TASK TO COMPLETE >> Output the data below only from the line containing "Agitator dogs washer" up to and including the line containing "Björn Skifs - It's", exact and with the pictures left out.

SOURCE INFORMATION >>
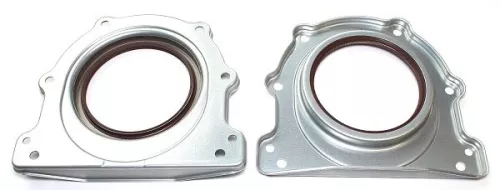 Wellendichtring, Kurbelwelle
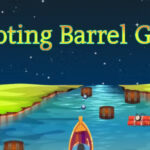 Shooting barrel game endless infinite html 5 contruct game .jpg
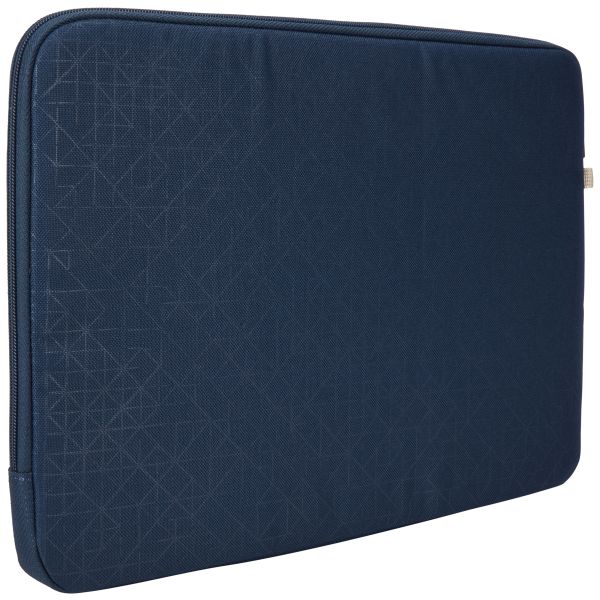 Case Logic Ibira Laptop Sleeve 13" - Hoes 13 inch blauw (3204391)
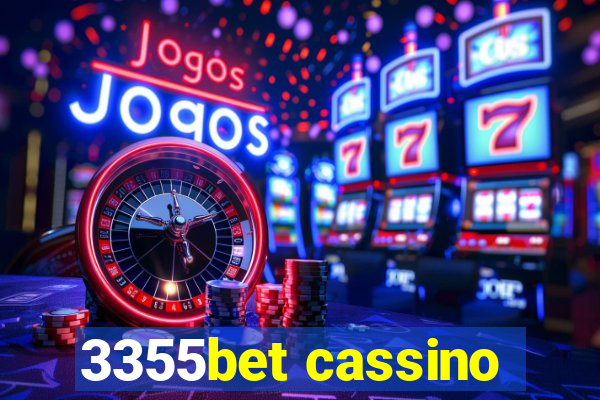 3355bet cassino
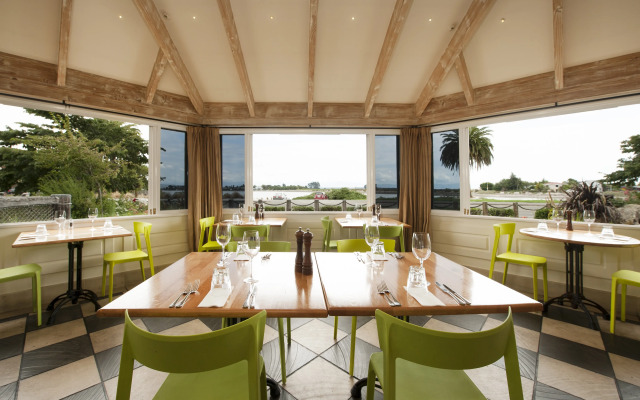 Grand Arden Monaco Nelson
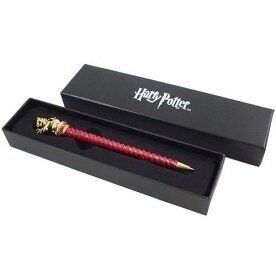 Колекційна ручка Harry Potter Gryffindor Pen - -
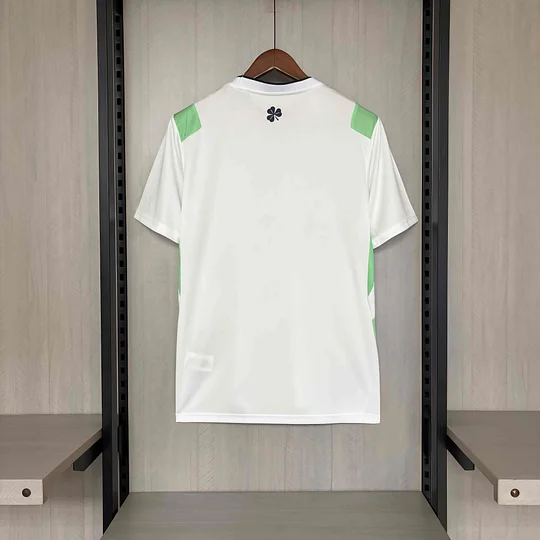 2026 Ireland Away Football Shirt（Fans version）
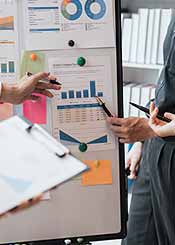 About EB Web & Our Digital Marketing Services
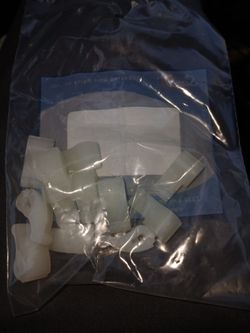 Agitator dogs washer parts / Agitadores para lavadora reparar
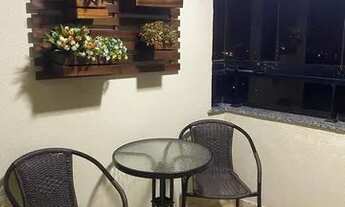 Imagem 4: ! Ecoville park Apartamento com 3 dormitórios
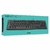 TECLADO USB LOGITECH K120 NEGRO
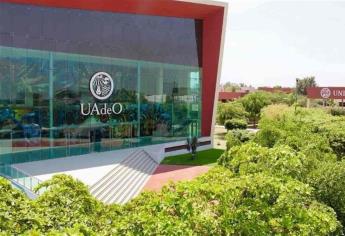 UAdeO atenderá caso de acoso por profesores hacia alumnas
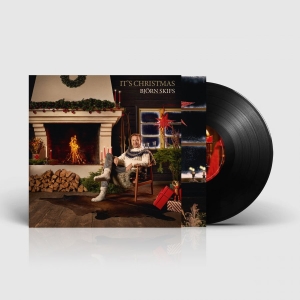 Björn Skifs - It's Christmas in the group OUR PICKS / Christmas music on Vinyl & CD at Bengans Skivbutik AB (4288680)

...

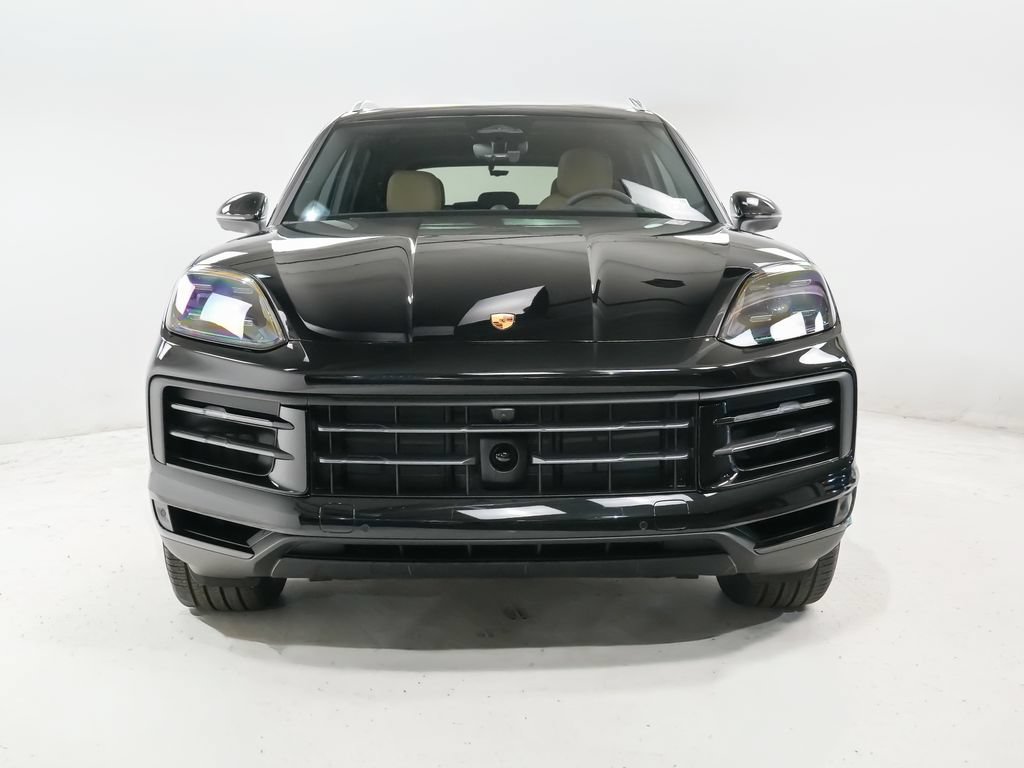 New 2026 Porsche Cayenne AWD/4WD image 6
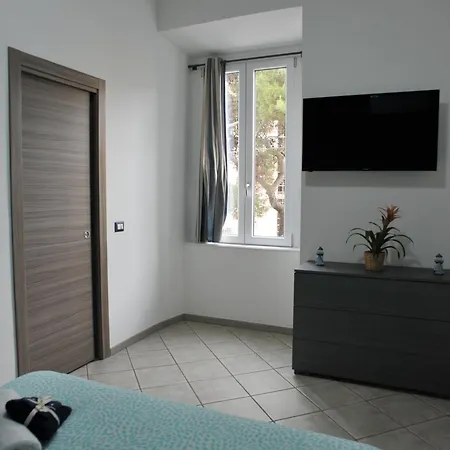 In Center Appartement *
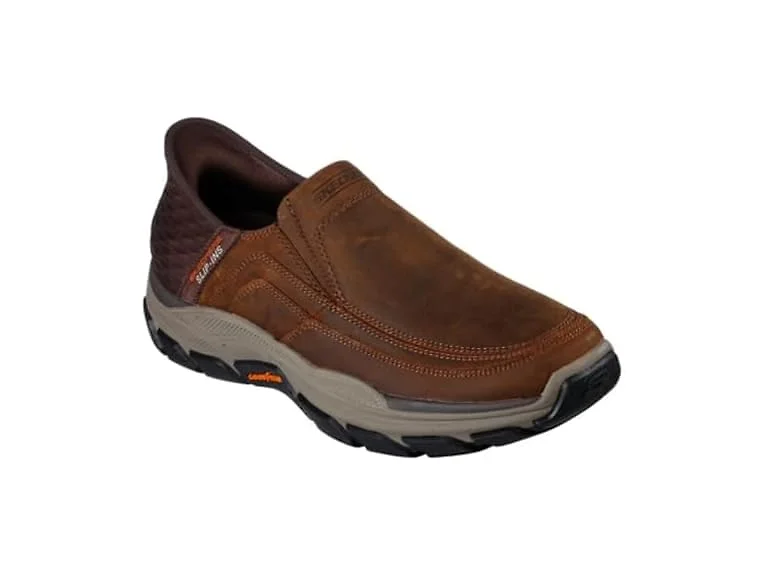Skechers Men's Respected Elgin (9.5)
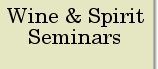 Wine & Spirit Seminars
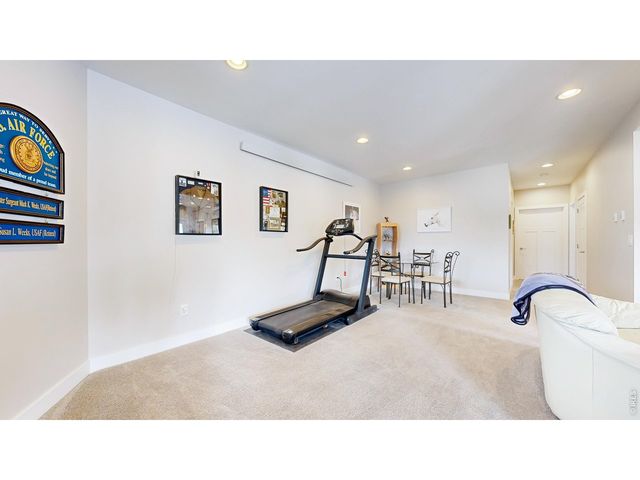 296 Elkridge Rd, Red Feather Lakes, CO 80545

OUTPUT OF THE TASK >>
 Agitator dogs washer parts / Agitadores para lavadora reparar
 Imagem 4: ! Ecoville park Apartamento com 3 dormitórios
 TECLADO USB LOGITECH K120 NEGRO
 UAdeO atenderá caso de acoso por profesores hacia alumnas
 Björn Skifs - It's Christmas in the group OUR PICKS / Christmas music on Vinyl & CD at Bengans Skivbutik AB (4288680)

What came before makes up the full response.